やべ あれに関しては原作者の髙橋ヒロシさんに「こういう描き方をしようと思っているんです」という確認を取ったんですけど、「もう、やっちゃってください!」みたいな感じで。めちゃくちゃ喜んでいました(笑)。

──出演された「クローズZERO」のメンバーは本作についてどんな印象を持たれてました?
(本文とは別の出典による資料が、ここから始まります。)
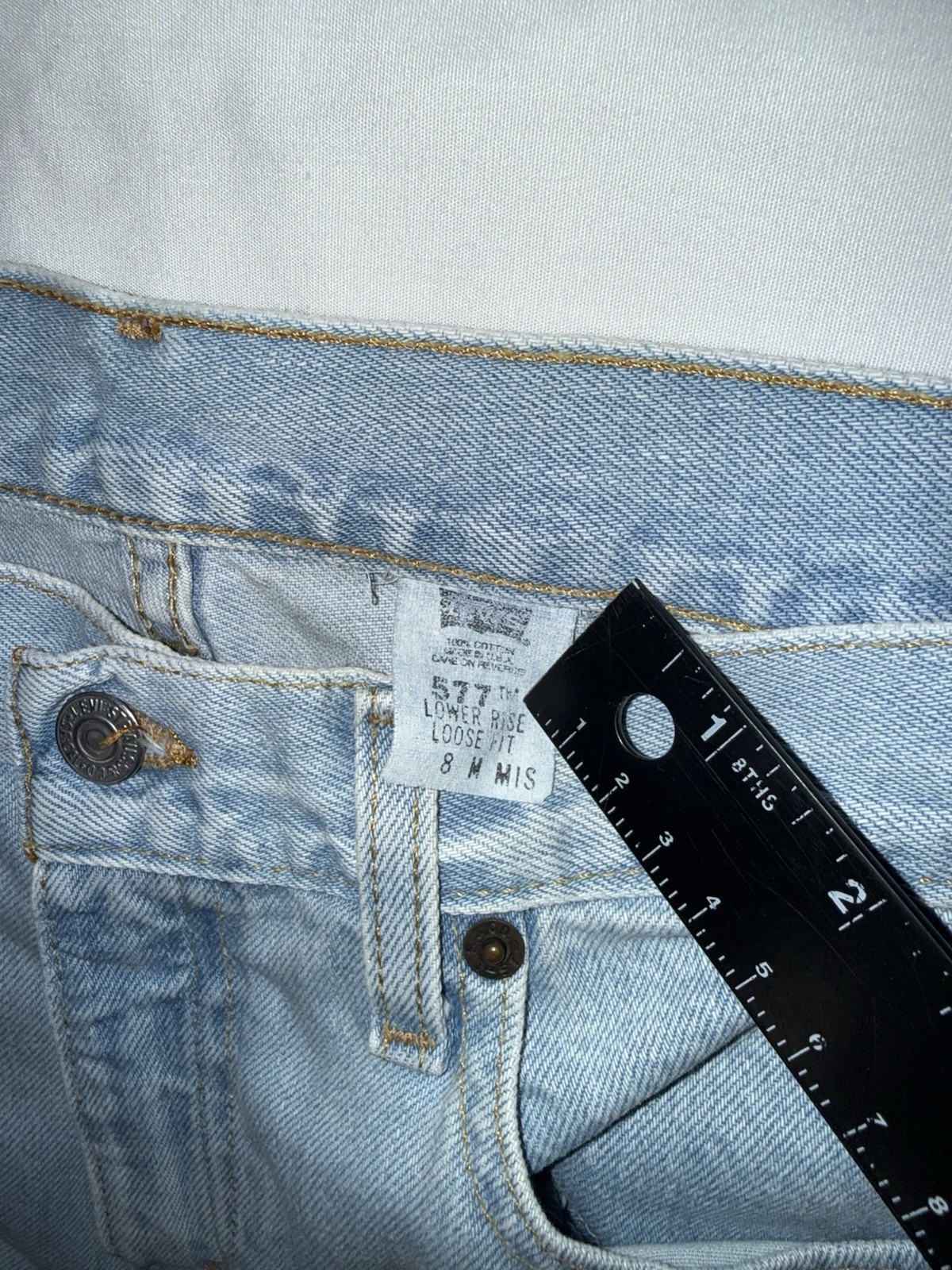 VTG Levi’s 577 Jeans Womens 8M Loose Fit Low Mid Rise Light Wash Denim 30×30 Y2K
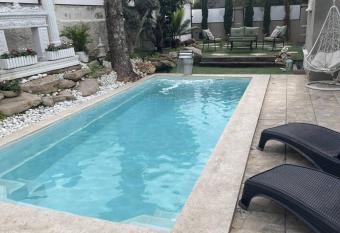                                                                                        - Villa Montano with a heated pool and jacuzzi in the city center allows 18 year olds to book a room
やべ みんな感じていたのは、三池さんに声を掛けていただいた喜びですね。金子ノブアキにしても、「クローズZERO II」に鳳仙学園の鳴海大我役でキャスティングしてもらって、三池さんと出会ったことで自分が大きく変わったと思っている。「クローズZERO」では鈴蘭高校で暴れ、続編で鳳仙学園に転入した鷲尾郷太役の波岡一喜もそうですね。2人とも暖日や吉澤たちに役者として出始めた当時の自分を重ねながらやっている感じで。一ノ瀬ワタルも鳳仙学園の生徒を演じて、蹴り散らかしたのが役者のスタートだから、「本当にうれしい」って大喜びでしたよ。

「BLUE FIGHT~蒼き若者たちのブレイキングダウン~」より、金子ノブアキ演じる大迫裕次郎

「BLUE FIGHT~蒼き若者たちのブレイキングダウン~」より、金子ノブアキ演じる大迫裕次郎

三池 あのときの一ノ瀬は、別に役者になろうなんて思ってなかったんですよ。どうしても鳳仙の制服を着たいと。髙橋ヒロシ先生が描いた鳳仙の一員になるのが彼の本当の目的だったんです(笑)。
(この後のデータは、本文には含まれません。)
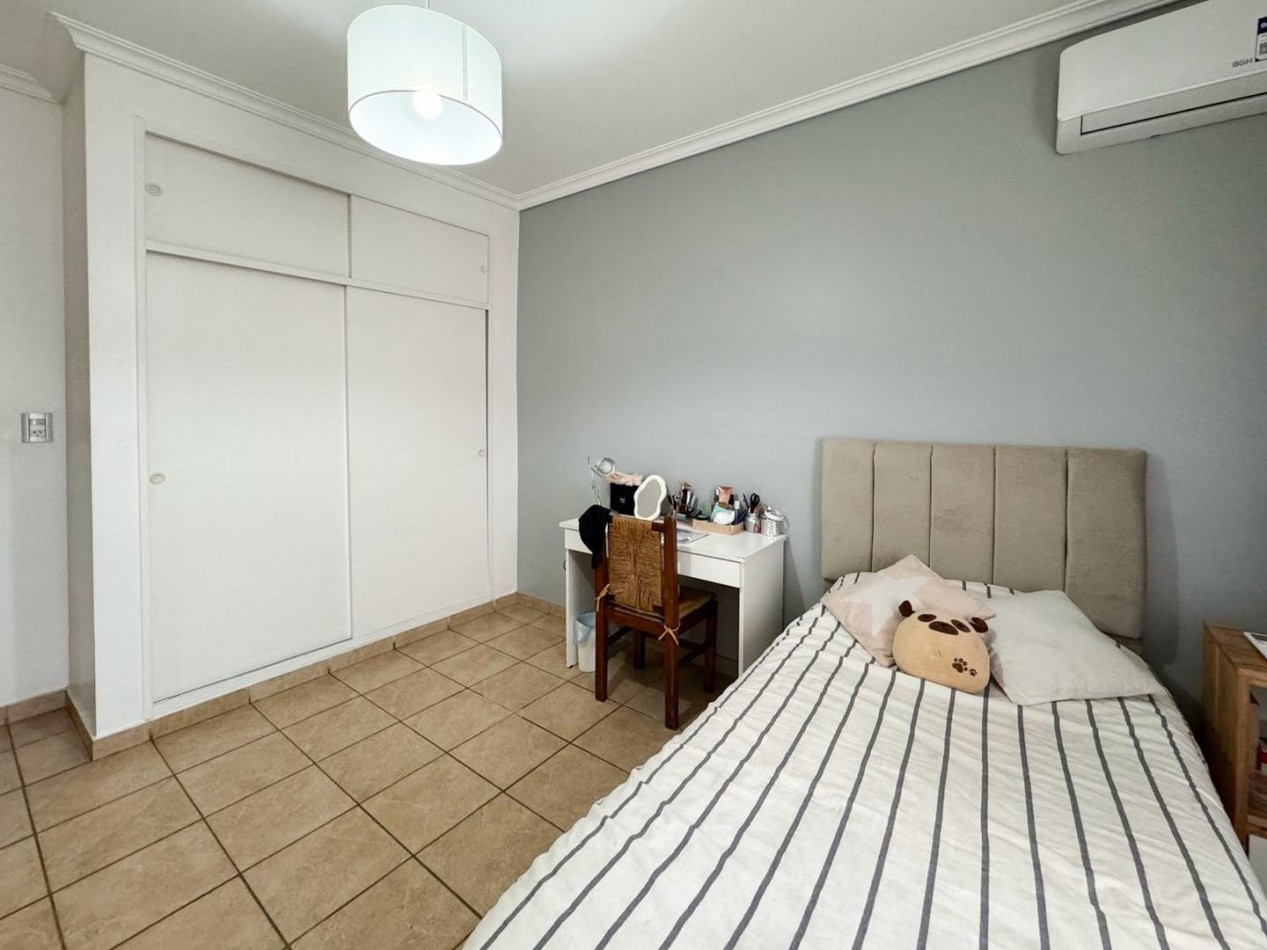 Casa 4 Ambientes C/Fondo y Pileta En Parque San Martin Merlo Apto Credito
──すべてが「クローズ」から始まっているわけですよね。

三池 「始まっている」と言うか、原作の「クローズ」がなければ僕らが映画で関わることもなかったわけですし、今回のような企画も生まれなかったわけです。

──映画の1作目「クローズZERO」から17年も経っているのに、いまだに人気があるのはすごいことです。

やべ 男の子はやっぱりヤンチャな世界に一度は憧れるんですよね。僕らの世代は「ビー・バップ・ハイスクール」や「湘南爆走族」にハマったし、最近の「東京卍リベンジャーズ」なんかもそうだと思うけど、10年とか15年のサイクルで必ずそういう作品が必要になってくる。そういった意味でも、今回の「BLUE FIGHT~蒼き若者たちのブレイキングダウン~」はドンピシャな企画だと思います。
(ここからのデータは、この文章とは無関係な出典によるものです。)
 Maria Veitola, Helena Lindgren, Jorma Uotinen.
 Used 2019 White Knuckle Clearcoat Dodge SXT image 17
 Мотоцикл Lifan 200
三池 日の当たらないものにスポットを当てるとすごく光るんですよ。不良だとか誰が強いのか?なんてことは関係ない。世の中がクローズアップしない人間たちが、主役になると1人ひとり輝き出すんです。そういう作品がいつの時代でも求められているような気がしますね。

左から三池崇史、やべきょうすけ

左から三池崇史、やべきょうすけ

プロフィール

三池崇史(ミイケタカシ)

1960年8月24日生まれ、大阪府八尾市出身。今村昌平、恩地日出夫に師事し、1991年にオリジナルビデオ「突風!ミニパト隊」で監督デビュー。1995年の「新宿黒社会 チャイナ・マフィア戦争」で劇場公開映画の初監督を務め、以来ジャンルを問わず多種多様な作品を次々に手がける。主な監督作品は、映画「DEAD OR ALIVE」「ゼブラーマン」「クローズZERO」「土竜の唄」シリーズ、「オーディション」「十三人の刺客」「悪の教典」「藁の楯 わらのたて」「無限の住人」「初恋」「怪物の木こり」など。

やべきょうすけ

1973年11月12日生まれ、大阪府出身。2007年公開の「クローズZERO」でチンピラの片桐拳を演じ、第17回日本映画批評家大賞の助演男優賞に輝く。主な出演映画は「工業哀歌バレーボーイズ THE MOVIE」「TAJOMARU」「闇金ウシジマくん」シリーズ、「夢売るふたり」「天空の蜂」「HK/変態仮面 アブノーマル・クライシス」「任侠野郎」「きみの瞳が問いかけている」「カラオケ行こ!」など。